- Problem to solve:
From the entries below, give the number of lines where the word "Phoenix" occurs, and nothing else.

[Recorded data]

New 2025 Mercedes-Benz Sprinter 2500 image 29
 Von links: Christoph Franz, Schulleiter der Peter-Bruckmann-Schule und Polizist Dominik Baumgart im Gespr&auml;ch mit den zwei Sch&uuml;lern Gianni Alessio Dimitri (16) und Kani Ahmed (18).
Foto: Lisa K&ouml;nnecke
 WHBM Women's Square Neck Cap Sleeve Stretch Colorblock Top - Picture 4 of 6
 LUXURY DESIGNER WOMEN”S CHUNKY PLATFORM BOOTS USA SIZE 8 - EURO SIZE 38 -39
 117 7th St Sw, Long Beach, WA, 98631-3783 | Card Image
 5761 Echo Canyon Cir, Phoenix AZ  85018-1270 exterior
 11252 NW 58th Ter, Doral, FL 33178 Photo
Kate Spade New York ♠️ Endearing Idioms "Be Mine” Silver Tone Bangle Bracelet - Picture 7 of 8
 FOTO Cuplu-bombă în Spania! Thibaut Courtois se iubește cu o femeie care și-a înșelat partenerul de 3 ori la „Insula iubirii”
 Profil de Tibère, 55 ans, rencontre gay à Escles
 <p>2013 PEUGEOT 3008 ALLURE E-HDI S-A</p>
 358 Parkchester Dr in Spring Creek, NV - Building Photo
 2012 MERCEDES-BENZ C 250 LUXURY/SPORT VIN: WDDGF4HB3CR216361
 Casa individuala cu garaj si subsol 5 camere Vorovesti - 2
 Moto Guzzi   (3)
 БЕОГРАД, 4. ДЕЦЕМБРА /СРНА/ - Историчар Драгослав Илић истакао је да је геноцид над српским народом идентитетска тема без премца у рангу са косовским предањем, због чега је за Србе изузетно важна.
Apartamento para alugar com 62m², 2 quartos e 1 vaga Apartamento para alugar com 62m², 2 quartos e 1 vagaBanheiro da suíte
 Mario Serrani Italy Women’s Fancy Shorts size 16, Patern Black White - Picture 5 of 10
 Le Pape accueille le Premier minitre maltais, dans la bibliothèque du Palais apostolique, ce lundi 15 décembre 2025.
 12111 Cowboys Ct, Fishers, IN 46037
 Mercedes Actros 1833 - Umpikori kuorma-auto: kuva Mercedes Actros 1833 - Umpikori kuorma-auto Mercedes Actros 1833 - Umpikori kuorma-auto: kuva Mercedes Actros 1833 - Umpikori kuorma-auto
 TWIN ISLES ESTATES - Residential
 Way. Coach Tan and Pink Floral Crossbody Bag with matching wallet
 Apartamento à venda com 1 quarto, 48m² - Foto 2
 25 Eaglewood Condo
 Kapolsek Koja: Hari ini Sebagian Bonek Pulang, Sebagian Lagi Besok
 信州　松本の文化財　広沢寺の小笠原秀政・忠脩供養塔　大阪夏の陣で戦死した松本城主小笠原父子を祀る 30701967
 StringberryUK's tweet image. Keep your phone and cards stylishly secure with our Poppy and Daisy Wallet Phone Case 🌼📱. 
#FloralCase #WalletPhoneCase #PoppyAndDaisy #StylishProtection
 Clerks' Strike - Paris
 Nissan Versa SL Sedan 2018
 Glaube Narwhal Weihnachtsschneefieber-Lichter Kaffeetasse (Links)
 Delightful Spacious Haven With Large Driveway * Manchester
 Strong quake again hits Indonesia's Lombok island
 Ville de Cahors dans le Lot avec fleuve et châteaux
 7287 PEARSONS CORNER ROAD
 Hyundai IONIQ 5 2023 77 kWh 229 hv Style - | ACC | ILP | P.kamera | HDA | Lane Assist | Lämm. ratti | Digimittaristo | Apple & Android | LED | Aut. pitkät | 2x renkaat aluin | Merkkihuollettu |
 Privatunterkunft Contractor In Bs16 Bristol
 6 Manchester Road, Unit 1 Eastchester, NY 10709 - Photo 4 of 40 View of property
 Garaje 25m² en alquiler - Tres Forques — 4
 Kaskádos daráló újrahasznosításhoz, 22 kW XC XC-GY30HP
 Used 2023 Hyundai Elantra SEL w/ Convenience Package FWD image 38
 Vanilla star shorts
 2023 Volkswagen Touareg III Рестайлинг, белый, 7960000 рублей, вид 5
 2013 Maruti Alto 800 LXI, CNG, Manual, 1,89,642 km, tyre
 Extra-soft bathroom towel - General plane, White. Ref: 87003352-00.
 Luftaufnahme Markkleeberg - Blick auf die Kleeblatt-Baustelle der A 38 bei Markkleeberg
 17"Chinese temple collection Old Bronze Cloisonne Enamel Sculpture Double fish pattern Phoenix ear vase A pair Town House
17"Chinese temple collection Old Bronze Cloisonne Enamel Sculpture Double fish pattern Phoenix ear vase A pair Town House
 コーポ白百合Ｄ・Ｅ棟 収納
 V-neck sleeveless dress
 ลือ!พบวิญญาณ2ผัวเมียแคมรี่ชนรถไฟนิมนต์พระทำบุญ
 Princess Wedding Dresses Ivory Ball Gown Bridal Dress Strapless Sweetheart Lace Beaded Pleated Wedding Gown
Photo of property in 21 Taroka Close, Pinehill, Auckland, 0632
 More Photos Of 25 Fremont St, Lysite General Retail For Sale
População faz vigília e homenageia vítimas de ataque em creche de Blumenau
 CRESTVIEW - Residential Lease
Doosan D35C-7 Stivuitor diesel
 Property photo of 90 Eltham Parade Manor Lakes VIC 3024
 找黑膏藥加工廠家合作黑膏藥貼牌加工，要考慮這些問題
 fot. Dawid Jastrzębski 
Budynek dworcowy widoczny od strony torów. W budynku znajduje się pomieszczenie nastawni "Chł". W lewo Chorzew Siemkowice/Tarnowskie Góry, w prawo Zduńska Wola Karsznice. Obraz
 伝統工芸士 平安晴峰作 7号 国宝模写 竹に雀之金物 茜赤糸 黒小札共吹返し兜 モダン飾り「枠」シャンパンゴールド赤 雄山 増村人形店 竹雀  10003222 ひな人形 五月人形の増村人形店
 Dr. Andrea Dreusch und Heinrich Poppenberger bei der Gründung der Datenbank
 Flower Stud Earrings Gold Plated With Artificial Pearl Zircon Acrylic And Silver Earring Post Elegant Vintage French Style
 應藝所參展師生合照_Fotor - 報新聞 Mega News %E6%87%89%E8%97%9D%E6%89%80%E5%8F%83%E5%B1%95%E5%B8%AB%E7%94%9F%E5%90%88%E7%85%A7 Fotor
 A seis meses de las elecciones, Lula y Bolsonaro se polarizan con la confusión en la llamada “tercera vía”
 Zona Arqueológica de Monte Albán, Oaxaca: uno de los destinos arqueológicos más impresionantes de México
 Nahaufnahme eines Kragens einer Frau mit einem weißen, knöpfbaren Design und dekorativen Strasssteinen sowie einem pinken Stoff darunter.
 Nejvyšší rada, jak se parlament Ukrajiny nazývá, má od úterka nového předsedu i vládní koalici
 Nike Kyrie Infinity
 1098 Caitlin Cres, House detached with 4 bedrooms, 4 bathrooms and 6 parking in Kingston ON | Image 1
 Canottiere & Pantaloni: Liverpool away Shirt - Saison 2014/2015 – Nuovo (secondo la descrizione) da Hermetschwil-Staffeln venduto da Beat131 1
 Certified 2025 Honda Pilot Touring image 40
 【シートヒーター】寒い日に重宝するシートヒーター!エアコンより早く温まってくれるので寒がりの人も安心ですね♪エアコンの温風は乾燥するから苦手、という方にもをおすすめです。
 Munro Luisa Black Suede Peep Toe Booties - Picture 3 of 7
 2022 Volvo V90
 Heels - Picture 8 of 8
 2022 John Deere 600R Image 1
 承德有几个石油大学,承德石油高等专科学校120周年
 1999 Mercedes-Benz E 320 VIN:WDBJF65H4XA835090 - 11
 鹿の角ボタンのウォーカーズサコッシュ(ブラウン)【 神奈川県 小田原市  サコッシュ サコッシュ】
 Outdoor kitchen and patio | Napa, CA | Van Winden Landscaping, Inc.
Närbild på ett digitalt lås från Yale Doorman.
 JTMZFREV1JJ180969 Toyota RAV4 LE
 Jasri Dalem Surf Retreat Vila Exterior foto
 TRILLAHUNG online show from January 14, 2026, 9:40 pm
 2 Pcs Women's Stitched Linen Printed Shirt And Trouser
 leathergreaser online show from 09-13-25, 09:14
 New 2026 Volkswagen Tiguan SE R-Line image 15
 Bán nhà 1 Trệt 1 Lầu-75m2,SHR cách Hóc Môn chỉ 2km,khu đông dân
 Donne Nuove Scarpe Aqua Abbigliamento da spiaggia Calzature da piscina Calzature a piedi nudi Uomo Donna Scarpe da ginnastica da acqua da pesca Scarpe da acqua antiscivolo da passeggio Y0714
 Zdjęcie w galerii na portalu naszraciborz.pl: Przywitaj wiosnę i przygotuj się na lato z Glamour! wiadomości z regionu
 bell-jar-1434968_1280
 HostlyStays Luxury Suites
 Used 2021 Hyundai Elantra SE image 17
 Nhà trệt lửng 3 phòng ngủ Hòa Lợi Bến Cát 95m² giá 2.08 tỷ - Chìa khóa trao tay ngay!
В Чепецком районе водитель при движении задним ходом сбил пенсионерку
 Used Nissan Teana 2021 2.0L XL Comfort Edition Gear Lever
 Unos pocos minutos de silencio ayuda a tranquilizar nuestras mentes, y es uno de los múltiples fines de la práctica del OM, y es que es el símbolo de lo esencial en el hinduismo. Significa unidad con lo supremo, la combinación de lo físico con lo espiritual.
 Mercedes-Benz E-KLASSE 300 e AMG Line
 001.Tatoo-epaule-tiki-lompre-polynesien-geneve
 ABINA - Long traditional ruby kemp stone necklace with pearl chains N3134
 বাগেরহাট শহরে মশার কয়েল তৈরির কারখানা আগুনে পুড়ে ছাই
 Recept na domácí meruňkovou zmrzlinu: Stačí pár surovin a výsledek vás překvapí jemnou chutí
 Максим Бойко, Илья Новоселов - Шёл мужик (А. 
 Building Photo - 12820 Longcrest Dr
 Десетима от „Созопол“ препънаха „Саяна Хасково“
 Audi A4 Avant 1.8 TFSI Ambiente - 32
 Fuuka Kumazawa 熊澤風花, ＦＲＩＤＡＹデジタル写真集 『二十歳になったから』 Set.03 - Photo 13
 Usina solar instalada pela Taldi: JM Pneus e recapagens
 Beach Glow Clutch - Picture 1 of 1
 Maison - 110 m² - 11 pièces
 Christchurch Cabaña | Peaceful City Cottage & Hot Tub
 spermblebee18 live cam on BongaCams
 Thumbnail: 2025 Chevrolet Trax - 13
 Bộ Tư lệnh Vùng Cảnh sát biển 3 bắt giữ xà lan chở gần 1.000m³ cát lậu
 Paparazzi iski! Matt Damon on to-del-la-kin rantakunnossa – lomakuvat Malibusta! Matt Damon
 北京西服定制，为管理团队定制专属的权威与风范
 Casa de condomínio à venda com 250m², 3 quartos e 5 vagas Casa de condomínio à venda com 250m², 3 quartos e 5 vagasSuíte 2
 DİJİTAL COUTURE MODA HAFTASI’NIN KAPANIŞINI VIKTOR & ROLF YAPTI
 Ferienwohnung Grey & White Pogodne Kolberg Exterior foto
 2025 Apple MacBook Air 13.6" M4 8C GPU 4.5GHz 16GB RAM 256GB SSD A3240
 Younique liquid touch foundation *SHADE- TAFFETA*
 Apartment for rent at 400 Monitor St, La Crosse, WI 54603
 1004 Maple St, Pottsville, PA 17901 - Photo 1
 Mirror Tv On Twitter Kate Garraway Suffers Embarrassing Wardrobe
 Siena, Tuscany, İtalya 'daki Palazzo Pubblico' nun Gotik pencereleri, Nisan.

- Answer to this task:
3